→ WORK TO COMPLETE: Leave the pictures out and reproduce all the entries word for word.

:: AVAILABLE DATA ::

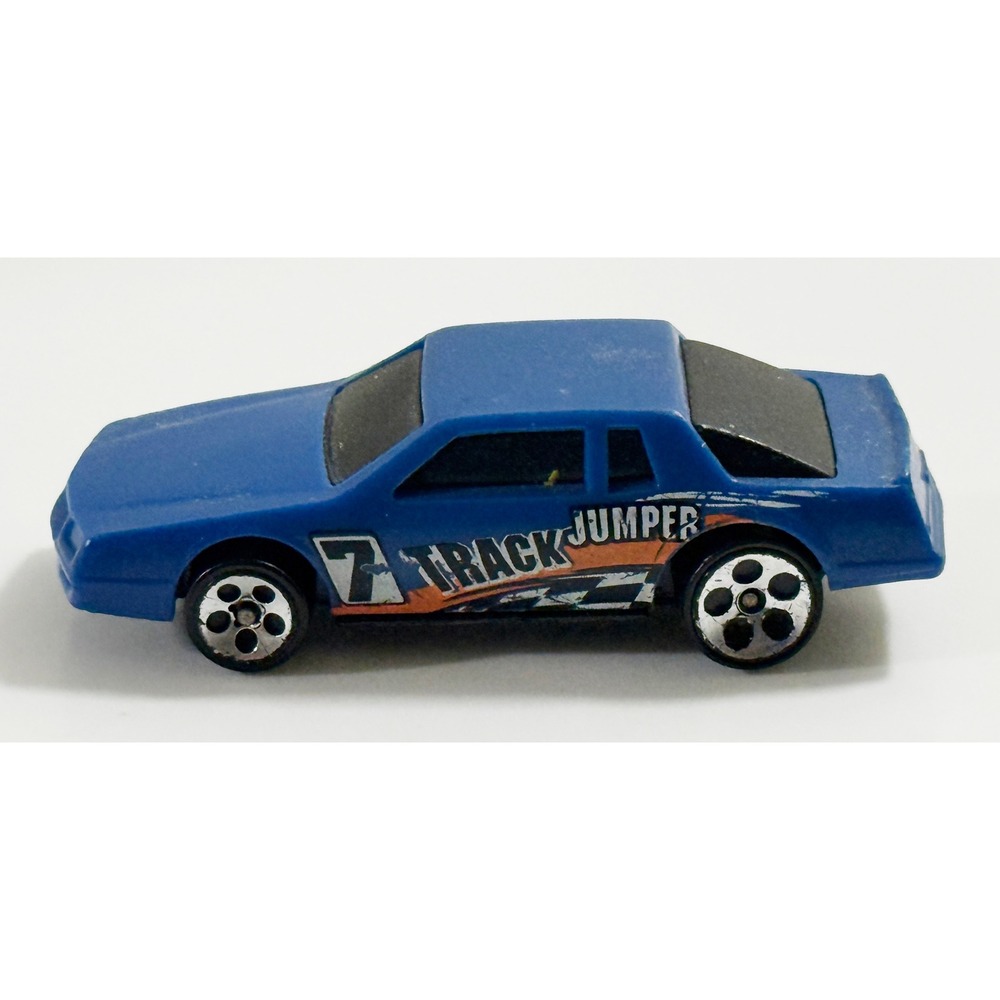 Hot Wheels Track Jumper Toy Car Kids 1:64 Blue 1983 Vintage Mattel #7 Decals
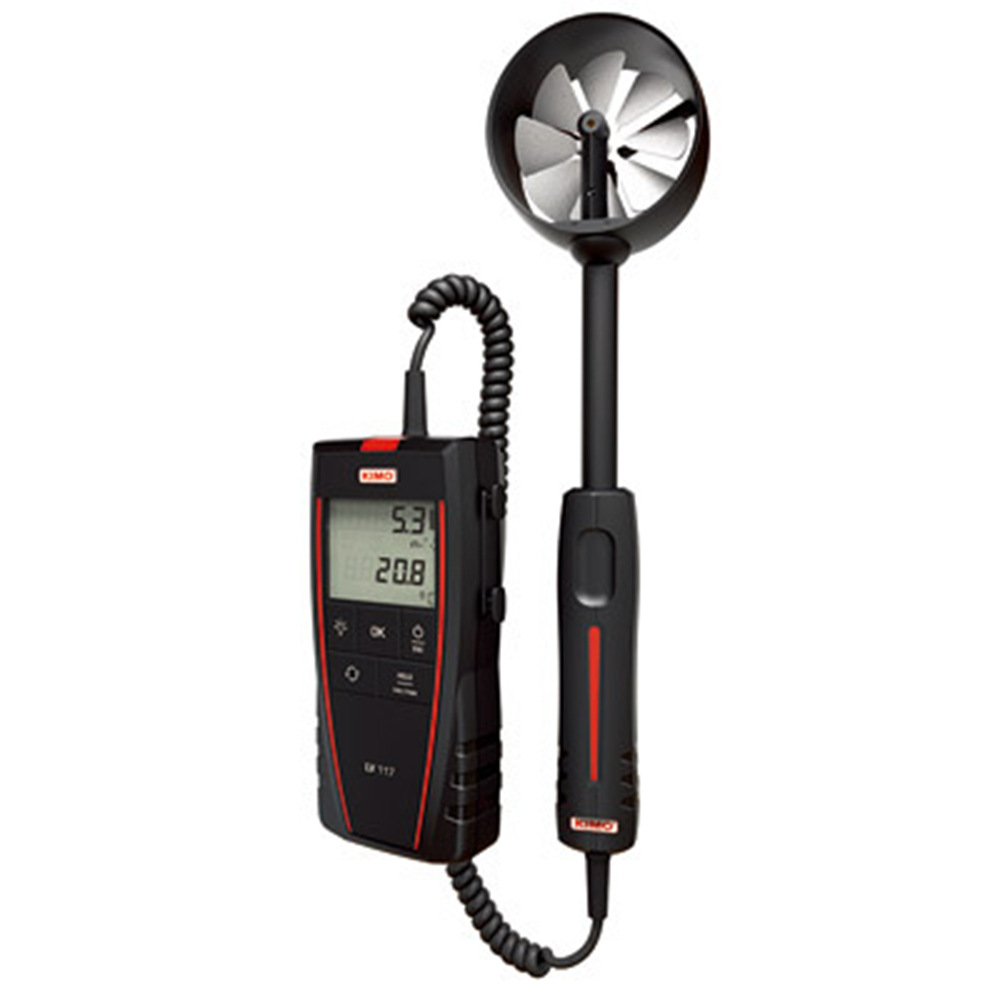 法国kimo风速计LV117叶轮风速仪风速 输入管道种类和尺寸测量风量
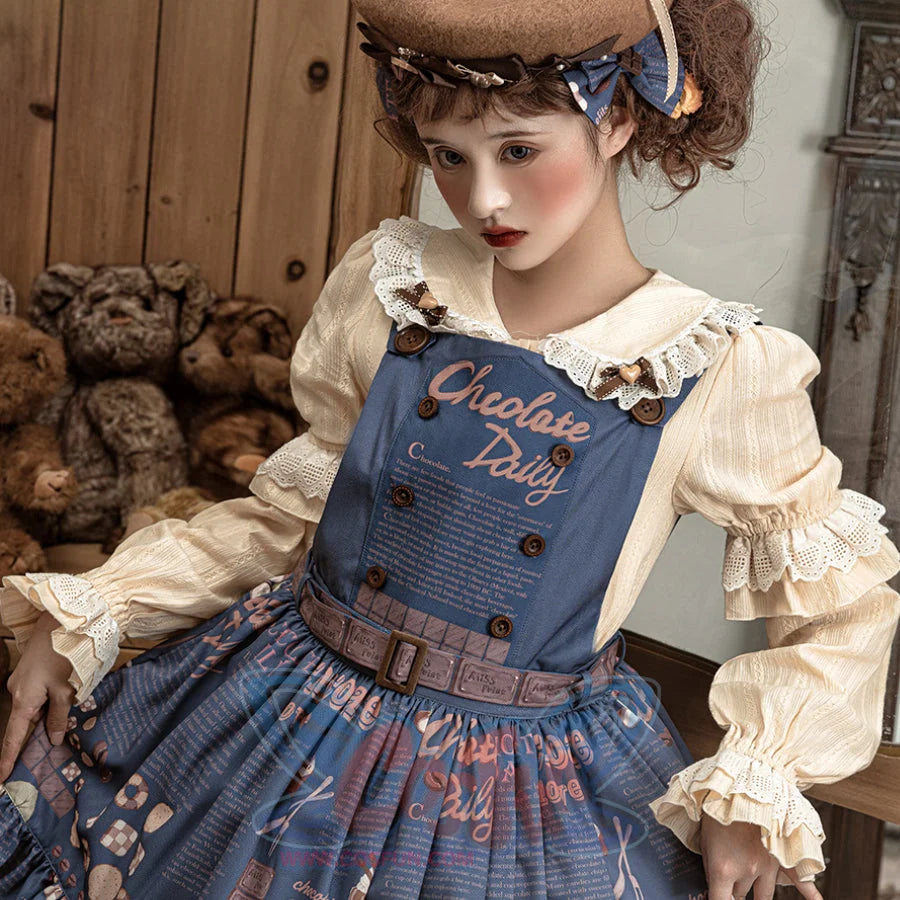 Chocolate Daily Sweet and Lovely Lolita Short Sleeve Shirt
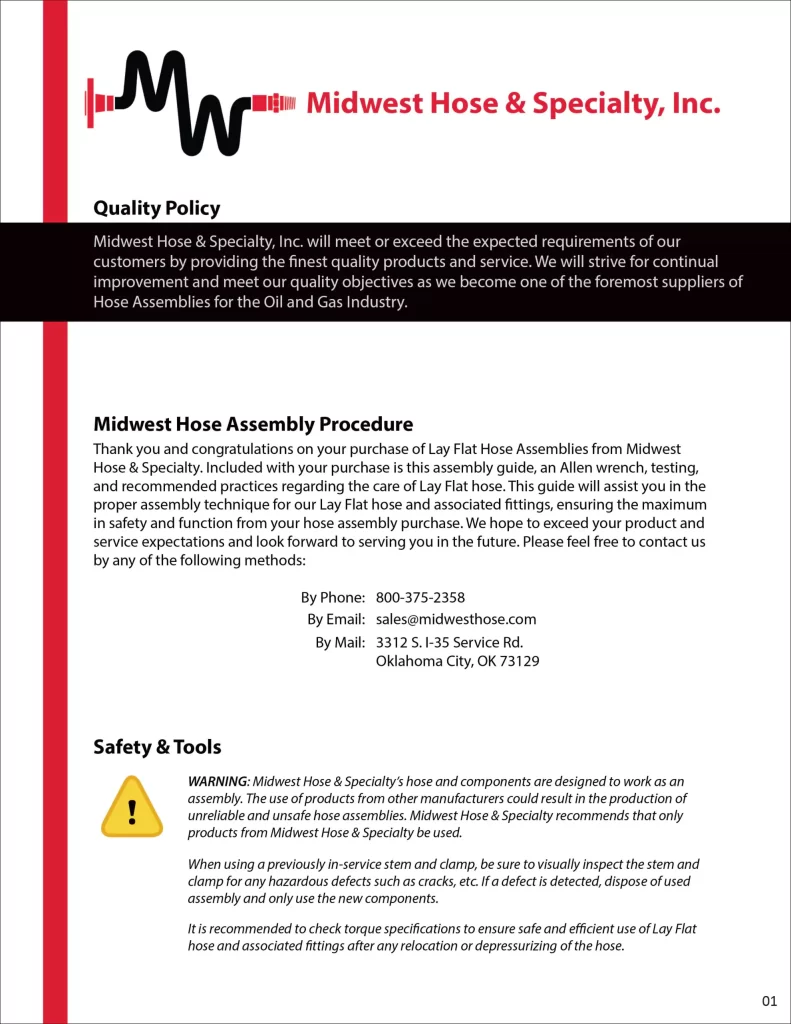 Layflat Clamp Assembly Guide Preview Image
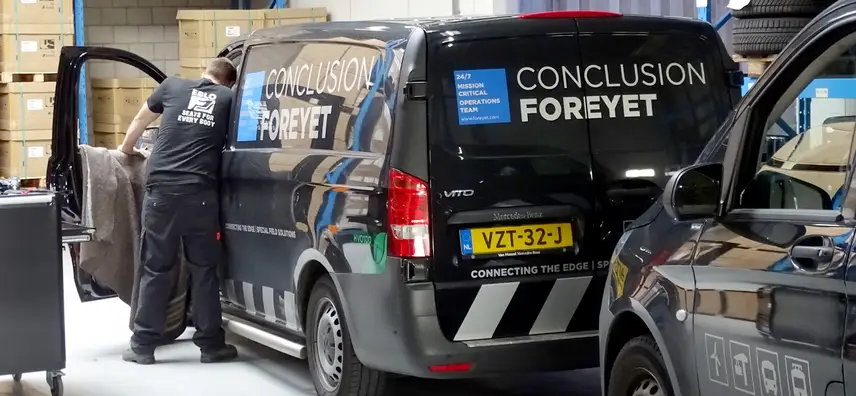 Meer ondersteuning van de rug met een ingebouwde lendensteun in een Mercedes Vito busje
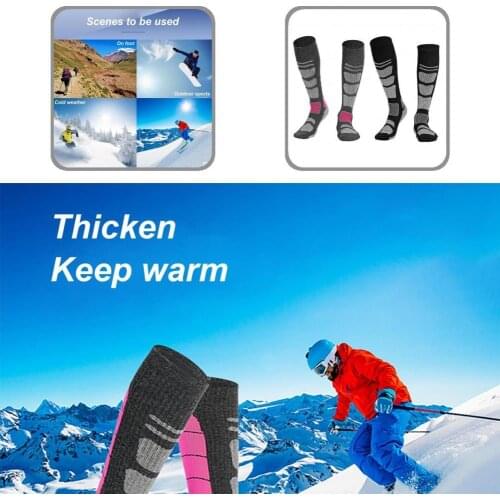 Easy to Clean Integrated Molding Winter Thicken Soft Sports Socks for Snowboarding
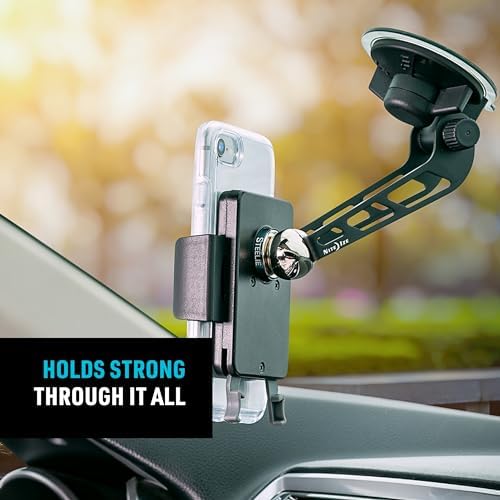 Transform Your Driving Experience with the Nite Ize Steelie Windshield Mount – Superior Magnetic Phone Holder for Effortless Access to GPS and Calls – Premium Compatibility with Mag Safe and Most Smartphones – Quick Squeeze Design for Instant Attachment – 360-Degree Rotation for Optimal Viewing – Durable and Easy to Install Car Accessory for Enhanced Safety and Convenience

:::

→ RESPONSE FOR THIS EXERCISE:
 Hot Wheels Track Jumper Toy Car Kids 1:64 Blue 1983 Vintage Mattel #7 Decals
 法国kimo风速计LV117叶轮风速仪风速 输入管道种类和尺寸测量风量
 Chocolate Daily Sweet and Lovely Lolita Short Sleeve Shirt
 Layflat Clamp Assembly Guide Preview Image
 Meer ondersteuning van de rug met een ingebouwde lendensteun in een Mercedes Vito busje
 Easy to Clean Integrated Molding Winter Thicken Soft Sports Socks for Snowboarding
 Transform Your Driving Experience with the Nite Ize Steelie Windshield Mount – Superior Magnetic Phone Holder for Effortless Access to GPS and Calls – Premium Compatibility with Mag Safe and Most Smartphones – Quick Squeeze Design for Instant Attachment – 360-Degree Rotation for Optimal Viewing – Durable and Easy to Install Car Accessory for Enhanced Safety and Convenience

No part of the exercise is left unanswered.